My view, which I am sure would be shared by a number of my colleagues, is that arbitration gives more access to justice, because the cost is not so great. With a focus on wanting to resolve the dispute, and with the parties accepting that it can be binding—
Christopher Finlayson: Absolute drivel.
LYNNE PILLAY: I see that Mr Finlayson does not agree, but we do from time to time not agree. I have to say that from time to time we do not agree, and that perhaps I have more of a grassroots experience. He tends to focus more on the experience of his background within the law profession and perhaps has just a little less life experience, should I say, of dealing with people.

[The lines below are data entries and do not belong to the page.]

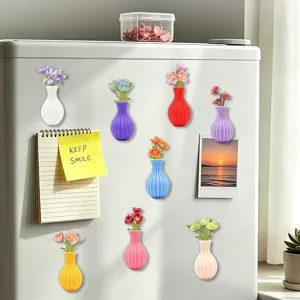 3D magnetic flower vase fridge magnet, colorful creative floral decor for refrigerator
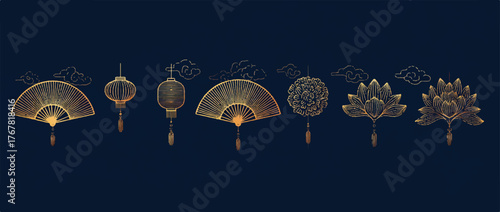Golden Asian Lunar New Year Elements on Dark Blue Background Celebration Prosperity Good Fortune Tradition Holiday Design Cultural Richness Festivity Decorative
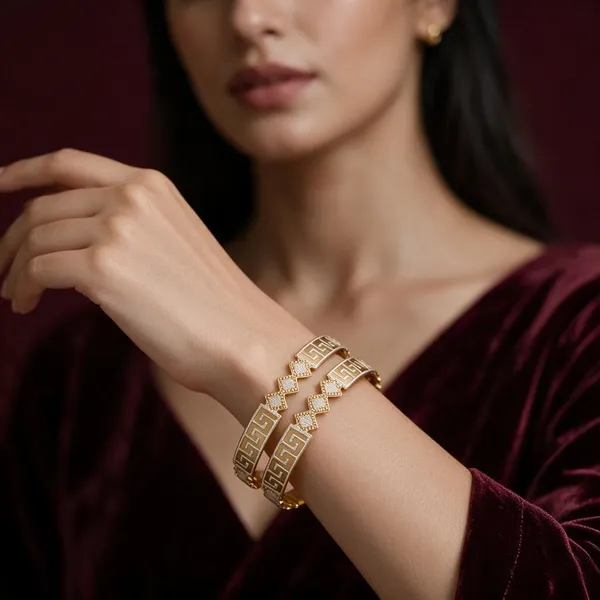 Gold_Alloy_Geometric_Greek_Key_Bangle_Set_For_Women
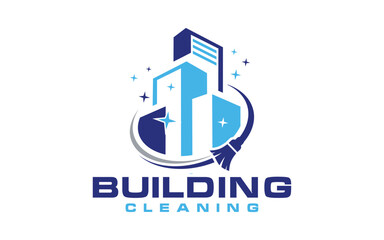 Building Cleaning company badge, emblem. Vector illustration.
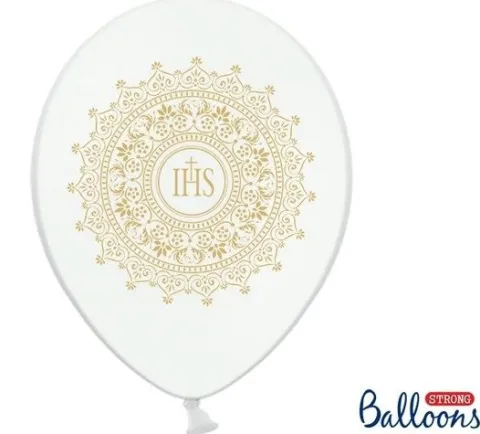 Balony Komunia Święta IHS 6szt.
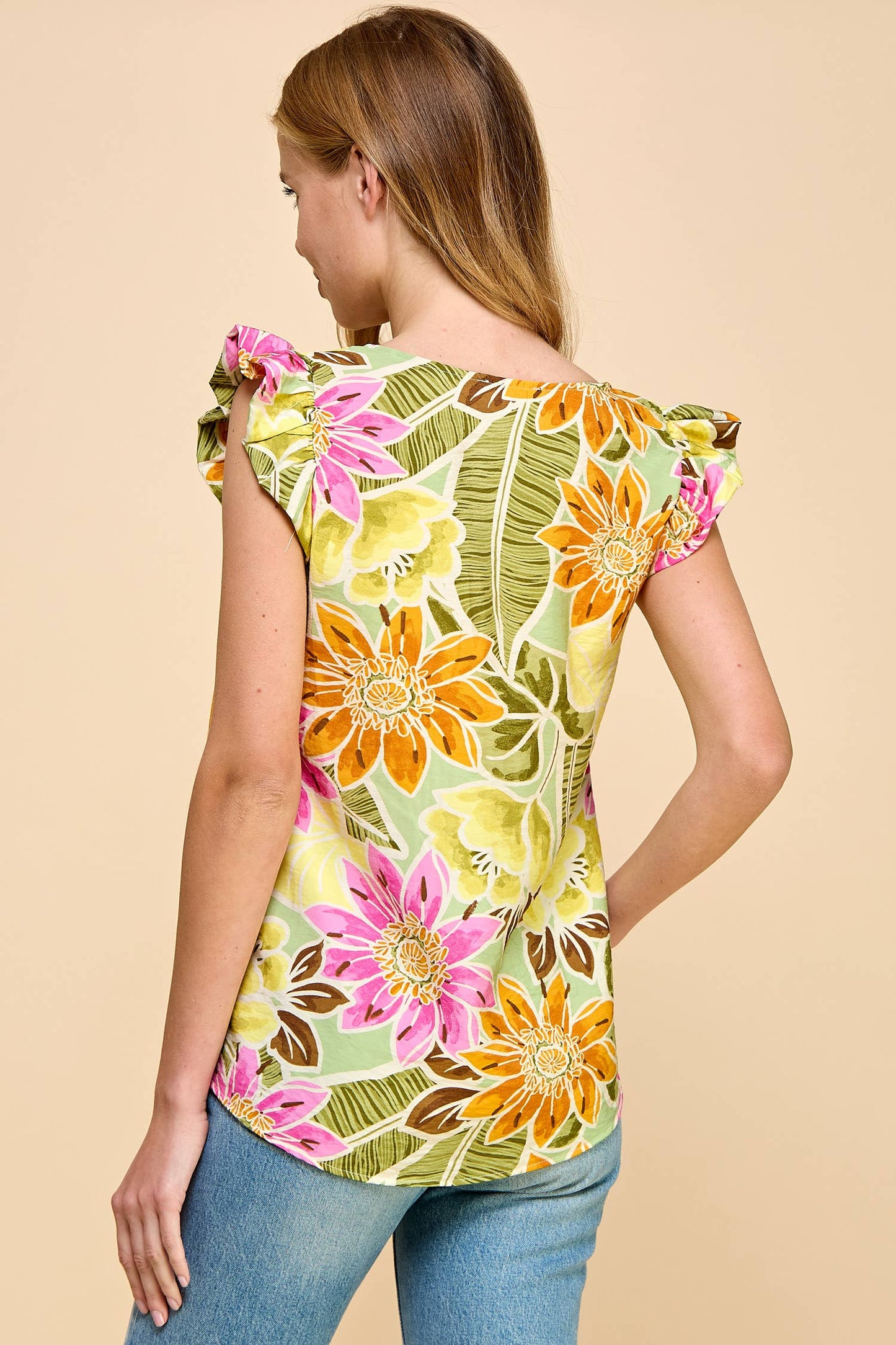 Catalina Tropical Floral Ruffle Sleeve Top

Certainly it would be fair to say that his experience would not be of the same mediation and communication skills that many at the grassroots level enjoy.
I really cannot think of much more to add except to thank the committee again and to also say that it is good to see this legislation go through and make the progress that it has made in this House. We know soon that it will be in place and offering an enhanced process for arbitration, which has become a much more popular process with the people who use it. I think that is very good for relationships, especially contractual relationships, and for ongoing relationships in the future. It is with great pleasure that I commend this bill to the House.